TL;DR
Thorsten Meyer AI published a June 2, 2026 essay arguing that automation should be treated as an ownership problem, not only a jobs problem. The essay says broad-based capital ownership would give citizens a direct stake in AI-driven productivity, while transfer payments would leave ownership concentrated.
Thorsten Meyer AI published a new Post-Labor essay on June 2, 2026, arguing that the economic risk from AI is less about whether jobs disappear outright and more about who owns the systems capturing value as work is automated.
The essay, titled The stake. Why the answer to automation is broad-based ownership, not a bigger transfer., frames AI as a force that can shift value from labor income to capital income. According to the essay, when software agents perform tasks once handled by analysts, consultants or publishers, the value formerly captured through wages or fees moves toward the owners of those automated systems.

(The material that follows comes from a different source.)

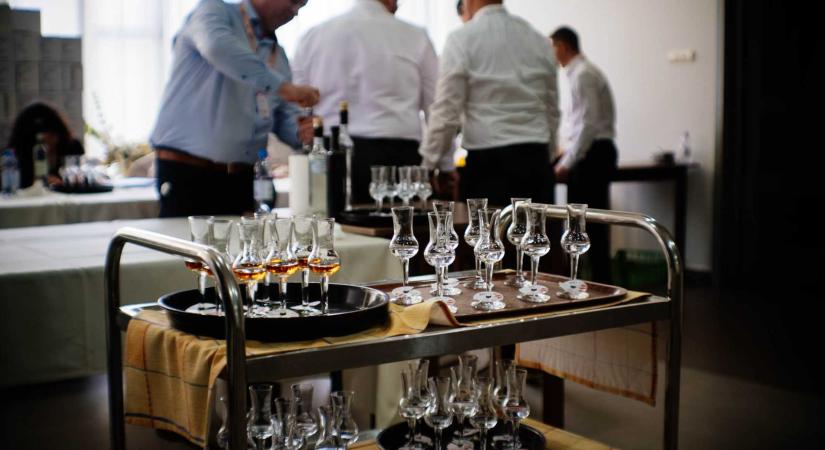 Ákovita: elbírálták a pálinkákat, a sajtó is választott kedvenc párlatot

Meyer argues that common policy responses, including retraining and income redistribution, may be incomplete if the underlying shift is from workers to asset owners. The piece says retraining assumes there will be enough labor-side work to absorb displaced workers, while transfer payments address lost income after ownership has already concentrated elsewhere.
The essay points instead to broad-based capital ownership, including universal basic capital, sovereign wealth funds, citizen dividends and employee ownership. It presents these as market-compatible mechanisms that could give more people property income from the automated economy.
Why It Matters
The argument matters because AI policy debates often focus on job loss, reskilling and cash support. Meyer’s essay shifts the policy frame toward ownership: if automated systems generate a larger share of economic output, the central question becomes whether the gains accrue mainly to a narrow group of owners or are shared through wider asset holdings.
The essay also positions ownership as a hedge across different AI outcomes. If AI mainly reallocates workers into new roles, broader ownership could cushion income shocks. If AI reduces demand for human labor more deeply, ownership stakes could become a more durable source of household income.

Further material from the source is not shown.